Computed Stack Rank of Risks

We took the information above and rearranged the risks based on a severity level to a new spreadsheet called the Risk Stack Rank. This is how we can calculate and provide a data-driven context on how we stand today vs our current SLO defined.

Let’s have a look at the computed stack rank of risks below:
Computed stack rank of risks

In the sheet above, we can see that our risks are populated and arranged by bad minutes per year. The most bad minutes per year will be considered as the highest risk

Risk Stack Rank has multiple components to look for:

Target Availability
The desired availability in percentage.

Budget (m/yr)
The total error budget available, measured in minutes per year (m/yr), which represents the maximum allowable downtime while still meeting the target availability.

Accepted (m/yr)
The amount of downtime already allocated for various known risks in minutes per year.

Unallocated Budget (m/yr)
The portion of the error budget that remains uncommitted after accounting for known and accepted risks.

Threshold of unacceptability for an individual risk (% of error budget)
A limit that defines how much of the total error budget a single risk can consume.

Too Big Threshold (m/yr) – for a single risk
The absolute upper limit for the amount of downtime a single risk can be responsible for. If the expected impact of a risk exceeds this threshold, the risk is deemed "too big" and must be mitigated, as it could jeopardize the ability to meet the SLO.

In terms of the colored cell, below are the explanation of it:
Cell colors definition

Red – this risk is unacceptable, as it falls above the acceptable error budget for a single risk.
Amber – this risk should not be acceptable, as it’s a major consumer of our error budget and therefore, needs to be addressed.
Green – this is an acceptable risk. It's not a major consumer of our error budget, and in aggregate, does not cause our application to exceed the error budget.
Blue – this risk has been accepted to fit within our error budget. Accepting a risk means planning not to fix it and taking the outage and corresponding hit on the error budget.

Understanding Risk Stack Rank in Practice

Remember the risks that we have entered in the Risk Catalog together with its metrics? This Risk Stack Rank calculates the risks and rank it according to bad mins/year.

In this subsection, assume that we want to have a 3-nines availability target (99.9%), we have 2 red-shaded (unacceptable) risks and the others are green-shaded (acceptable) risks.

Image description

Let's see some scenarios below to see it in action.

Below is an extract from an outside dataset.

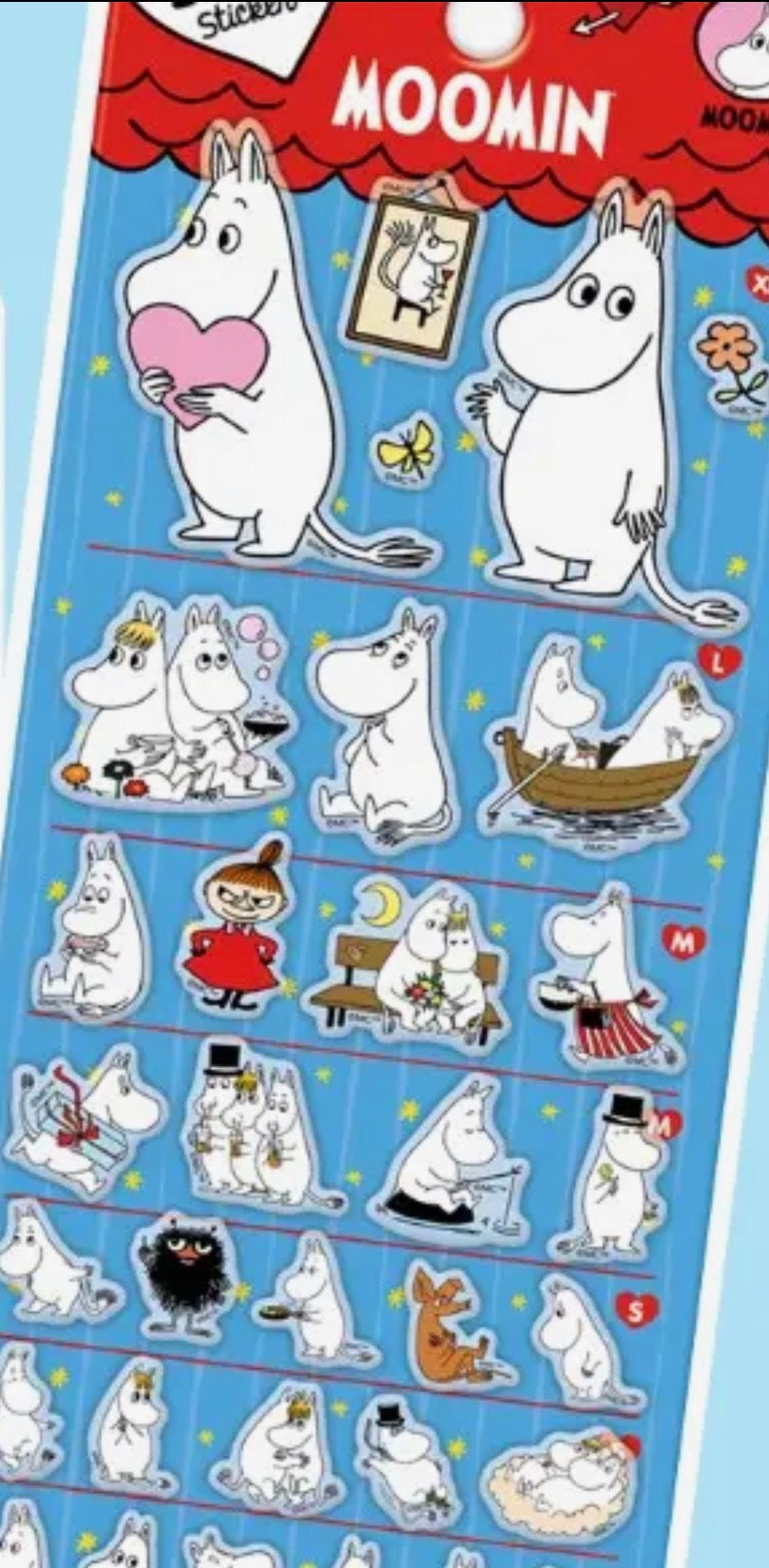 Moomin 5 Size Sticker Sheet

Accepting a Risk that is in Red or Amber-shaded

Say that our threshold of unacceptability for an individual risk is 25% of the error budget.

Image description

We can see from above that accepting “Third-party dependencies failure” causes green-shaded risks to turn into amber-shaded risks (should not be accepted). This happens due to the accepted risks already consuming a number of error budgets, causing other risks to impose danger to our error budget.

Say we accept more of the risks that will consume our error budget.

Image description

The diagram above shows that more risks are amber-shaded. This means that we have to act upon the risks to bring down the bad mins/year. We’ll discuss this in Improving our Risk Stack Rank section.

Ideal Situation

We can start by accepting the green risks and see how it consumes our error budget in this sheet.

Image description

From the figure above we can see that we have accepted 519.62 out of 525.96 minutes from our error budget.

Unaccepted Risks

As we accepted risks (marked y), we agreed to accept it without any mitigation actions that are required. These risks are now known as risks that will burn our error budget.

But how about unaccepted risks that are in the red or amber-shaded? What do we do with them?

If we do accept them, the sheet will show that we have breached our error budget.

Image description

We can see that our Unallocated Budget section has reached a negative value.

These risks (red and amber-shaded) are the risks that require mitigation actions, these risks have to be acted upon so that it does not impose danger to our Error Budget.

How to implement Error Budgets in practice

Now that we have Service Level Objective (SLO) and Error Budget, let's enforce it! It is important that everyone in the organization is aware of this policy, especially the engineering and product team.

This sets as a baseline in determining whether we can release new features or deploy a hotfix in case the Error Budget is nearing its limit or has been breached.

To simplify things in this article, we are going to present 3 tiers of severity levels – Tier 1, Tier 2 and Tier 3 – and with Call to Action (CTA) in each tier.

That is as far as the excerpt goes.